Dropping down to ASM also makes it easier to introduce weird quirks. Decompiled, one of TH05's tuning conditions for stack groups on Easy Mode would look something like:

case BP_STACK:
	// […]
	if(spread_angle_delta >= 2) {
		stack_bullet_count--;
	}

The fields of the bullet group template aren't typically reset when setting up a new group. So, spread_angle_delta in the context of a stack group effectively refers to "the delta angle of the last spread group that was fired before this stack – whenever that was". uth05win also spotted this quirk, considered it a bug, and wrote fanfiction by changing spread_angle_delta to stack_bullet_count.
As usual for functions that occur in more than one game, I also decompiled the TH04 bullet group tuning function, and it's perfectly sane, with no such quirks.


In the more PI-focused parts of this push, we got the TH05-exclusive smooth boss movement functions, for flying randomly or towards a given point. Pretty unspectacular for the most part, but we've got yet another uth05win inconsistency in the latter one. Once the Y coordinate gets close enough to the target point, it actually speeds up twice as much as the X coordinate would, whereas uth05win used the same speedup factors for both. This might make uth05win a couple of frames slower in all boss fights from Stage 3 on. Hard to measure though – and boss movement partly depends on RNG anyway.


Next up: Shinki's background animations – which are actually the single biggest source of position dependence left in TH05.

📝 Posted:
🚚 Summary of:
P0031, P0032, P0033
Commits:
dea40ad...9f764fa, 9f764fa...e6294c2, e6294c2...6cdd229
💰 Funded by:
zorg
🏷 Tags:
rec98+ th02+ th04+ th05- file-format+ hud+ score+ tasm- tcc+ micro-optimization+ jank+

The glacial pace continues, with TH05's unnecessarily, inappropriately micro-optimized, and hence, un-decompilable code for rendering the current and high score, as well as the enemy health / dream / power bars. While the latter might still pass as well-written ASM, the former goes to such ridiculous levels that it ends up being technically buggy. If you enjoy quality ZUN code, it's definitely worth a read.

In TH05, this all still is at the end of code segment #1, but in TH04, the same code lies all over the same segment. And since I really wanted to move that code into its final form now, I finally did the research into decompiling from anywhere else in a segment.

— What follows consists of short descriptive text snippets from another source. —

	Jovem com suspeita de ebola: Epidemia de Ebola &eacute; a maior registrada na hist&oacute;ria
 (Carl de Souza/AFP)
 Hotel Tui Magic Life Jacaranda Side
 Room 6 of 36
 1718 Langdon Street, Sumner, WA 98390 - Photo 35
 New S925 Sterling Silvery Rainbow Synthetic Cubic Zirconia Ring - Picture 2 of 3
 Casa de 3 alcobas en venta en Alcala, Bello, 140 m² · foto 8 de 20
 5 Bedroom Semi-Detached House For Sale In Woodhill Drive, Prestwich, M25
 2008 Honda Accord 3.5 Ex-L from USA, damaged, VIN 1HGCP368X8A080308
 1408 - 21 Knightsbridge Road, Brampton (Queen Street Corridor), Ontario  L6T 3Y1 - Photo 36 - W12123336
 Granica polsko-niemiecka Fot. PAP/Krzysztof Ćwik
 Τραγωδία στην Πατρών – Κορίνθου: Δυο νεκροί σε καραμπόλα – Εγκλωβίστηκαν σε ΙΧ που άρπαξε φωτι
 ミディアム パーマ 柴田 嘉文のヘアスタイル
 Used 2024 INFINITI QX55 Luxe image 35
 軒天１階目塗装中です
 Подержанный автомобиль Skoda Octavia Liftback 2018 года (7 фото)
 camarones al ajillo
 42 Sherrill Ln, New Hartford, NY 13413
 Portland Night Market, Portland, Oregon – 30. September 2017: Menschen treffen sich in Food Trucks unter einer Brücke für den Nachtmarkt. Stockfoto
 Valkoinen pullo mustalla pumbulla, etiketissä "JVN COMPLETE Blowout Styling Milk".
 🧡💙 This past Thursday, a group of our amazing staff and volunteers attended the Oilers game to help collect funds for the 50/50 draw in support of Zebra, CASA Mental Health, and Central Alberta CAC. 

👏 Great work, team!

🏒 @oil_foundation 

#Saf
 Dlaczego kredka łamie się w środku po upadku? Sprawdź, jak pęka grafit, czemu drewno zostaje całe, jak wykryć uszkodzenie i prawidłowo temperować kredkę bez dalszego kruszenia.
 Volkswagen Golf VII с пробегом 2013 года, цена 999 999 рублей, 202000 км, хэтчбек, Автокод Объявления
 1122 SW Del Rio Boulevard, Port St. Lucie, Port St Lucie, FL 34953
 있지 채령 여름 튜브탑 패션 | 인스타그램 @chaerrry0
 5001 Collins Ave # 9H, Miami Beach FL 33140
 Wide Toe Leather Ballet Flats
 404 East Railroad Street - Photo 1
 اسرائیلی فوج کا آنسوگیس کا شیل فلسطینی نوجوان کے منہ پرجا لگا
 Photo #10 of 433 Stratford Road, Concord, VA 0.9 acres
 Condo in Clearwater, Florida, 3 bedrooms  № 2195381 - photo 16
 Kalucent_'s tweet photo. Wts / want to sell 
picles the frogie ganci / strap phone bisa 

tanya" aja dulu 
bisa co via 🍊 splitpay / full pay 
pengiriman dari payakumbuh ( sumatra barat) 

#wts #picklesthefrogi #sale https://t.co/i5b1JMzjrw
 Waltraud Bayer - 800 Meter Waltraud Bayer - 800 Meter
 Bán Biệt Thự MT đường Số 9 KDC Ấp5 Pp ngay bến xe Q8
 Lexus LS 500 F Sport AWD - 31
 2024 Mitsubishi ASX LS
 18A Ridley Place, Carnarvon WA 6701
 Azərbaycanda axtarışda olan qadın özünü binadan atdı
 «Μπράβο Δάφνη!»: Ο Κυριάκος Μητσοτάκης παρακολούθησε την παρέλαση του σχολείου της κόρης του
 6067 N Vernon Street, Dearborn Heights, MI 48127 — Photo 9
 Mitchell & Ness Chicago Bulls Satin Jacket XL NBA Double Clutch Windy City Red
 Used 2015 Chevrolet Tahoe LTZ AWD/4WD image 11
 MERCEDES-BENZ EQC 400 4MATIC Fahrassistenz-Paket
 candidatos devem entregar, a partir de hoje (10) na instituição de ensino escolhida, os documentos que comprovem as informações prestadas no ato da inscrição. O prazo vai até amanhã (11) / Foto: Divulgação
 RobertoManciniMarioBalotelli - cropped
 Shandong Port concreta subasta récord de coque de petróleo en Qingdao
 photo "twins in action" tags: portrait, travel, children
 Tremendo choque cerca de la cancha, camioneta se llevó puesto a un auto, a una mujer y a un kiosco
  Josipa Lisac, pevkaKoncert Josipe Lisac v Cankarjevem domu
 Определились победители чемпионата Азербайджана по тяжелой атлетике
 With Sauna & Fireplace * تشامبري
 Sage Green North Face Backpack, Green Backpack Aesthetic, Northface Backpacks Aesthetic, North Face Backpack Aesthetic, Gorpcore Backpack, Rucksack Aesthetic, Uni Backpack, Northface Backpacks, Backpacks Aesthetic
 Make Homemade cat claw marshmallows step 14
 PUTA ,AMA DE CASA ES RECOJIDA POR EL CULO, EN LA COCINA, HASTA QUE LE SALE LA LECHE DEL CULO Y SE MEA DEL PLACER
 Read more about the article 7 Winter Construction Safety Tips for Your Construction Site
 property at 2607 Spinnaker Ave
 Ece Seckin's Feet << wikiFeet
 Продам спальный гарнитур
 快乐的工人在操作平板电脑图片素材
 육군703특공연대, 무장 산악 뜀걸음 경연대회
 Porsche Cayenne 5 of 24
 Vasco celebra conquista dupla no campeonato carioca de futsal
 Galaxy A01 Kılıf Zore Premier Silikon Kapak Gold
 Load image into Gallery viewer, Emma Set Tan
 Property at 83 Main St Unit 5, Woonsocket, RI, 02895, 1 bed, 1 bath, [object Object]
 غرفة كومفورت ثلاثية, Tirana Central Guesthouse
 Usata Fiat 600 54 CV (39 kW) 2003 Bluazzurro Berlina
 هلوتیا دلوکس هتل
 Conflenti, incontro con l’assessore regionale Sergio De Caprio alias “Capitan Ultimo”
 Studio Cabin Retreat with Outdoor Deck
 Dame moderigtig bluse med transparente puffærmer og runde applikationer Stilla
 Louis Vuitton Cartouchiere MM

Turns out we actually can! It's kinda annoying, though: After splitting the segment after the function we want to decompile, we then need to group the two new segments back together into one "virtual segment" matching the original one. But since all ASM in ReC98 heavily relies on being assembled in MASM mode, we then start to suffer from MASM's group addressing quirk. Which then forces us to manually prefix every single function call

with the group name. It's stupidly boring busywork, because of all the function calls you mustn't prefix. Special tooling might make this easier, but I don't have it, and I'm not getting crowdfunded for it.

So while you now definitely can request any specific thing in any of the 5 games to be decompiled right now, it will take slightly longer, and cost slightly more.
(Except for that one big segment in TH04, of course.)

Only one function away from the TH05 shot type control functions now!